● **Aim of the task**
Strip out the pictures and output each remaining line of the data word for word.

● **Source data**
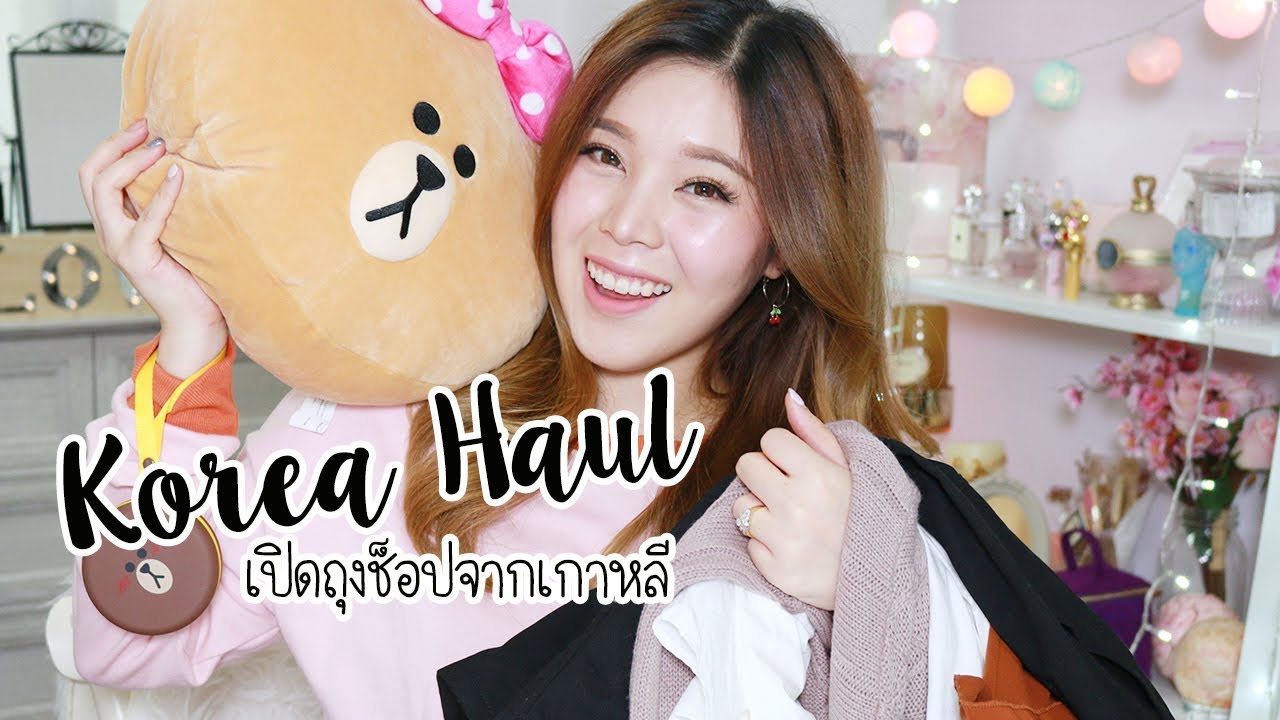 เปิดถุงจากเกาหลี ช็อปปิ้งอย่างมีสติ เสื้อผ้า เครื่องสำอาง ของจุ๊กจิ๊ก║Evefee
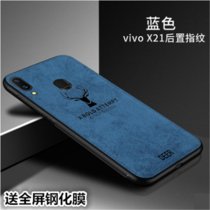 VIVOX21手机壳X21i布纹软边外壳步步高x21保护套硅胶防摔全包后盖x21i轻薄男女款(蓝色 X21（后指纹）)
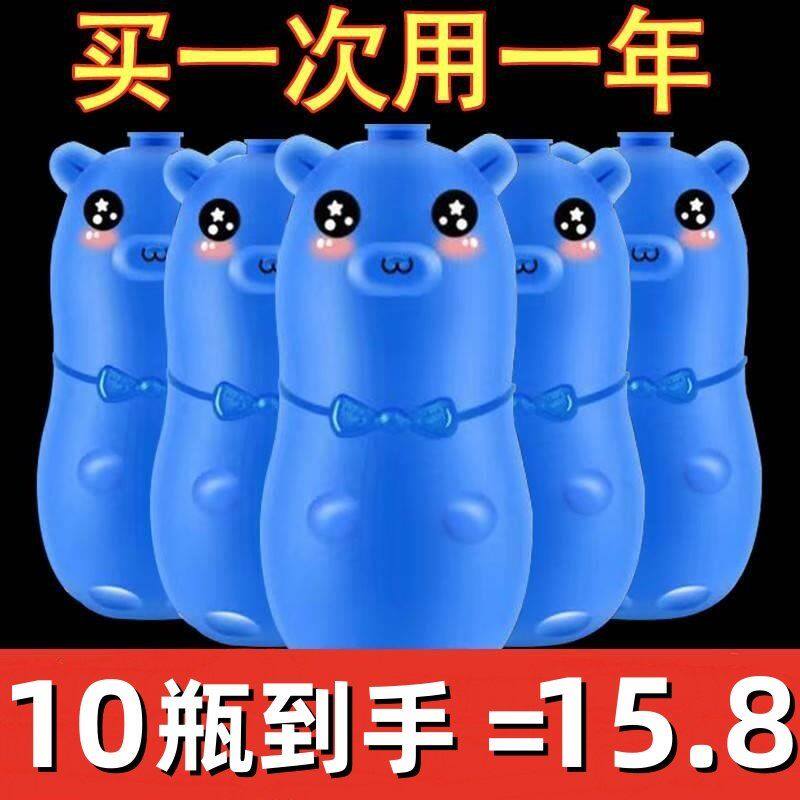 卫生间抽水马桶放冲水箱厕所的蓝泡泡除臭剂自动清洁剂宝宝洁厕灵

● **Result of the exercise**
 เปิดถุงจากเกาหลี ช็อปปิ้งอย่างมีสติ เสื้อผ้า เครื่องสำอาง ของจุ๊กจิ๊ก║Evefee
 VIVOX21手机壳X21i布纹软边外壳步步高x21保护套硅胶防摔全包后盖x21i轻薄男女款(蓝色 X21（后指纹）)
 卫生间抽水马桶放冲水箱厕所的蓝泡泡除臭剂自动清洁剂宝宝洁厕灵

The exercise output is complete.